Modular organization along behavior boundaries
Transitioning from analysis to design is the most vulnerable phase of the lifecycle. Under time pressure, often inadequately detailed or over-detailed requirements are directly translated to disjoint design artifacts. VDM provides a framework of core and optional semantic constructs and behaviors. These modular elements easily map to requirements and are supported by pre-elaborated implementations we call design patterns. Two premises we accept are
  • Requirements will evolve and change
  • Assembling and adapting well understood design patterns reduces defects and avoids the "afterthought design" syndrome.
Separation of concerns
Approaching dimensional design through disjoint structural elements such as dimensions, facts and aggregates is like missing the forest for the trees. In VDM we organize design elements along "aspects" of system functionality, i.e. data access or data provisioning, and along functional boundaries defined in the core entities or abstract behaviors. These elements are clearly elaborated, maintained and understood independently with minimal coupling, and they are built so that they can be synthesized into complex but coherent systems.
Proportionality principle
This principle, simply put, states that in a well designed system small changes in requirements correspond to small change of design artifacts while bigger changes should correspond to proportionally bigger changes in the design world. This is a tall order with large database systems where the nature of SQL, data sharing, performance and availability pose competing pressures. Some of these issues are addressed by automating DDL and script generation as discussed under "automation" below.
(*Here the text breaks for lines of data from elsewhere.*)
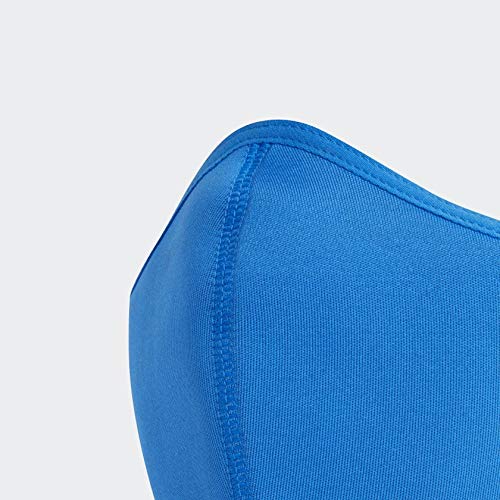 Adidas H32392_500 Originals Standard Face Covers 3-Pack thumb #3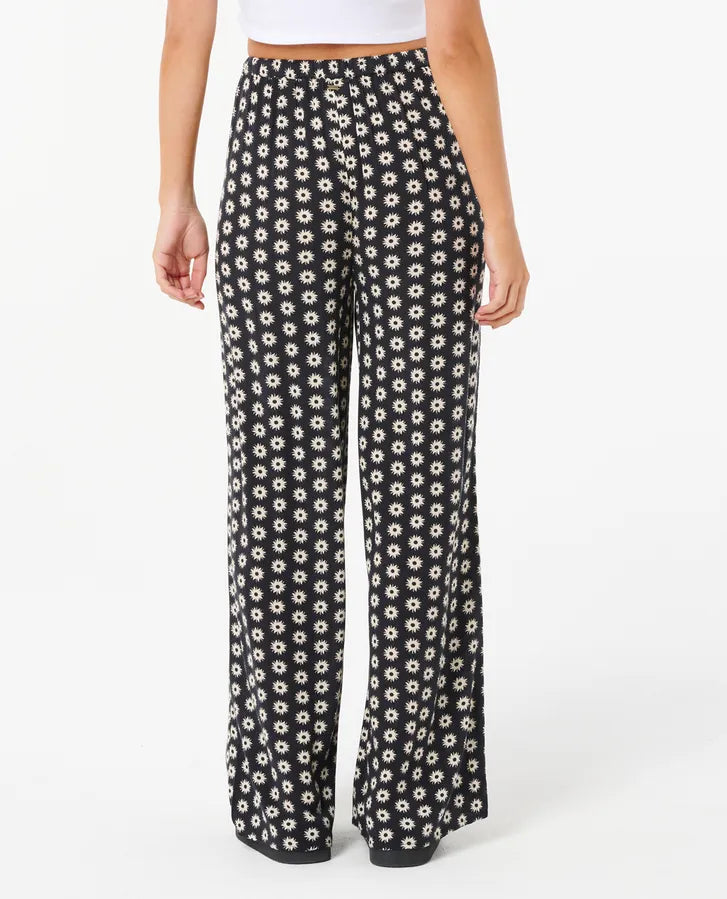 Cala Nights Beach Pant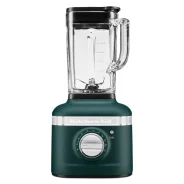 ������� ������������ KITCHENAID 5KSB4026EPP, 1.4 �, 5 �������, ������� ��92780942 ����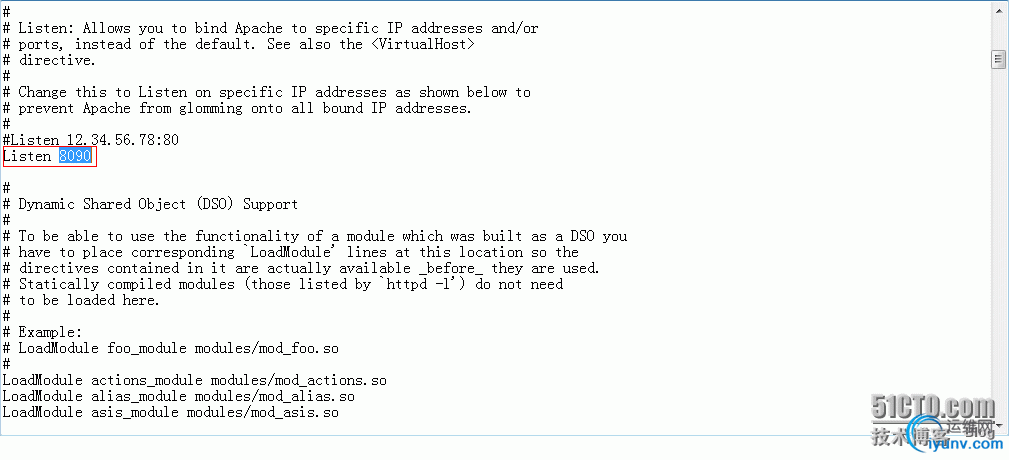 DSC00012.png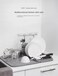 Multifunctional Kitchen Drain Pad, Kitchen Drain Rack Suit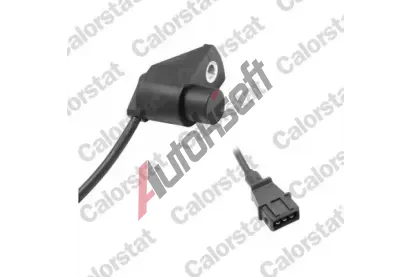 CALORSTAT by Vernet Genertor impuls klikov hdel CSV CS0070, CS0070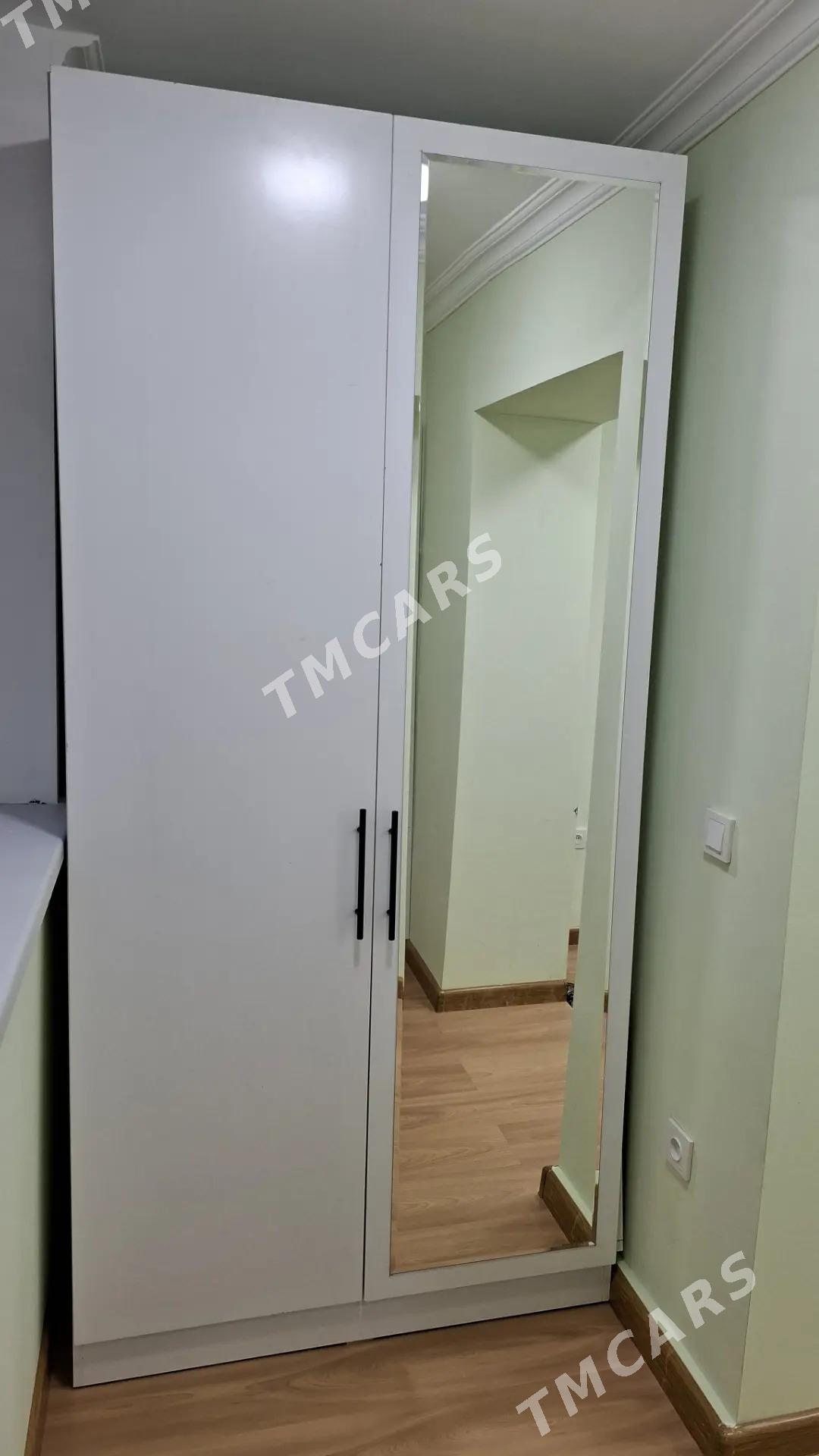 1 mkr Arenda - 1 mkr - img 2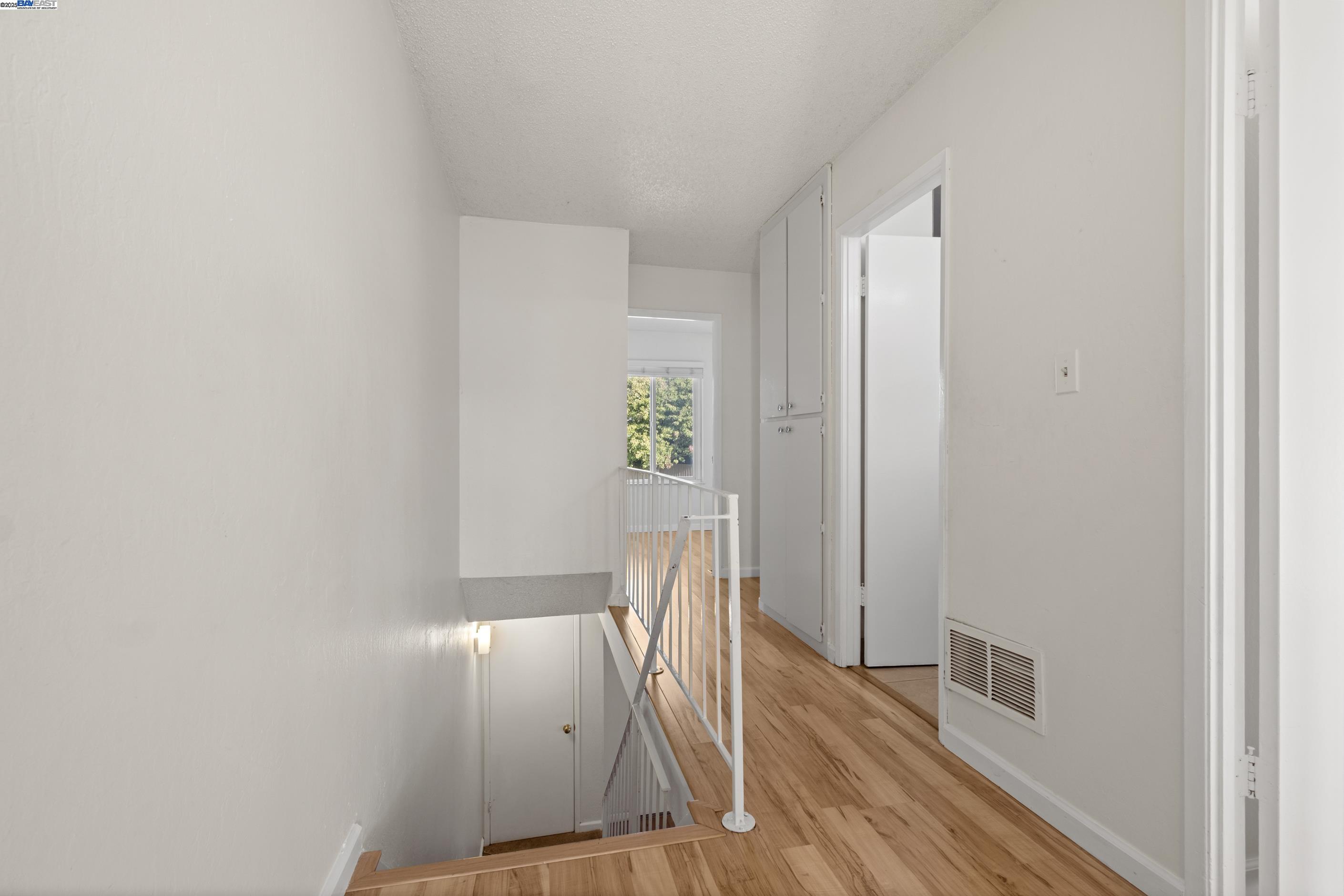 34579 Bluestone Cmn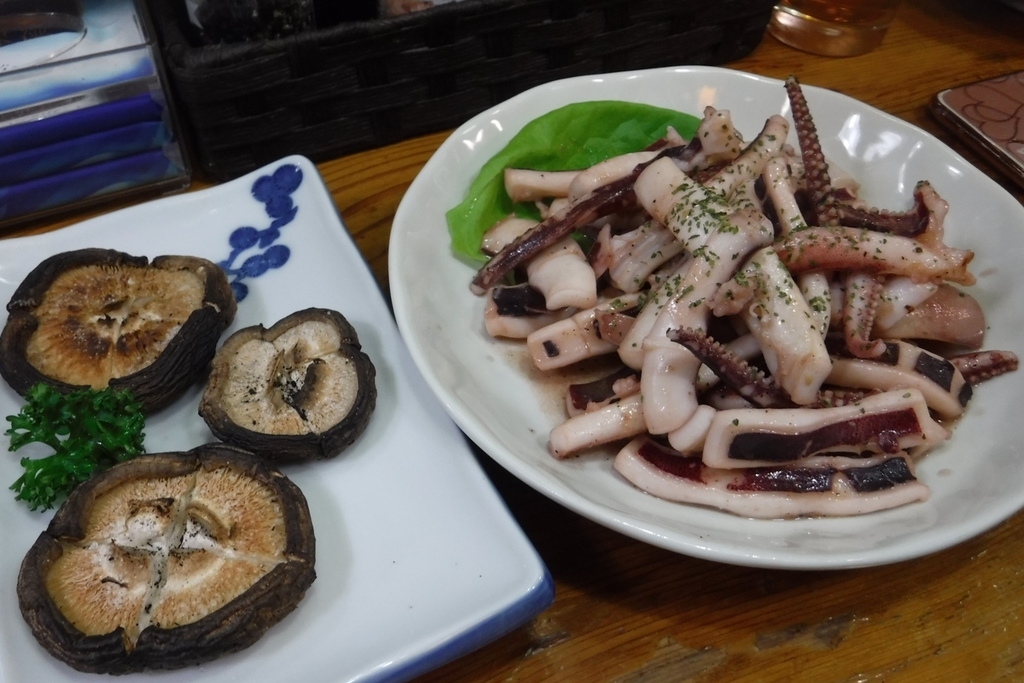 f:id:hirotaka72:20190126203851j:plain f:id:hirotaka72:20190126203851j:plain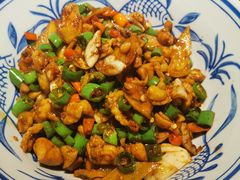 -姐夫的小菜(新中关购物中心店)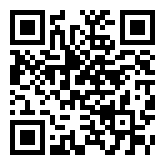 https://www.cd100.cn/news/9603.html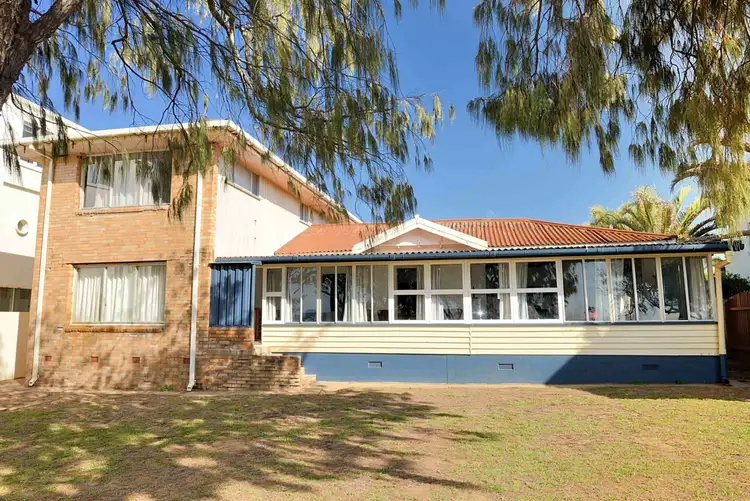 Sixth view of Homely house listing, 84 MILLER STREET, Bargara QLD 4670
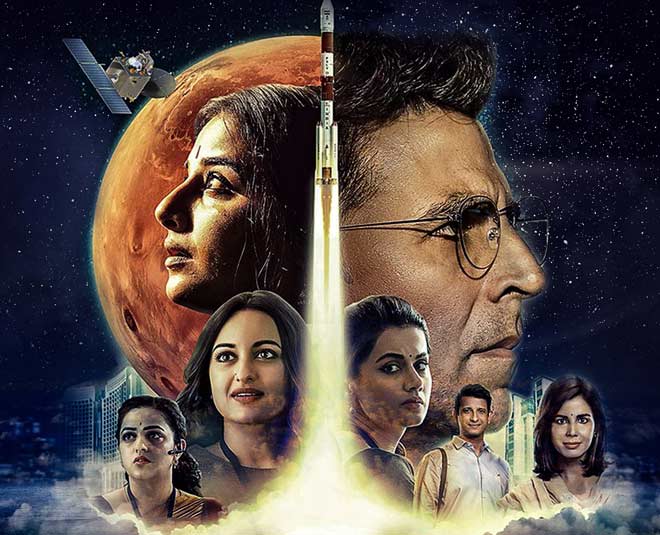 akshay kumar mission mangal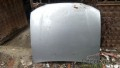 daewoo nexia kaput otobekir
A complex system must satisfy well-thought operational use cases, for regular or exception situations. A system of measures must be provided to recognize internal consistency issues and assess on-going health regarding performance and quality. Finally, risk-mitigating methods for handling unexpected and complex corrections and changes must be provided.
VLDB, performance and availability
VDM has evolved from large data environments with performance and availability in mind. This makes some of the implementations more involved than what they could be for smaller systems.
Resilience and volatility isolation
To address both performance and availability in VLDB we have promoted the idea of isolating volatile data and minimizing change and redundancy. Maintenance processes are designed to be idempotent and tolerant of failure, restartable and often able to support retroactive corrections
Parallel Share-Nothing Database focus
VDM was born in a DB2/MVS environment in the early 90s and it has been successfully applied in Sybase and Oracle environments. Most of its application, however, is on VLDB applications on parallel share-nothing Unix-based systems such as DB2 or Teradata and parallel data flow ETL such as AbInitio and Torrent/Ascential/Data Stage.
To improve the quality of code, particularly in repetitive situations we adopt metadata-driven code generation and template-SQL/DDL, utilizing a system of structured comments and variables.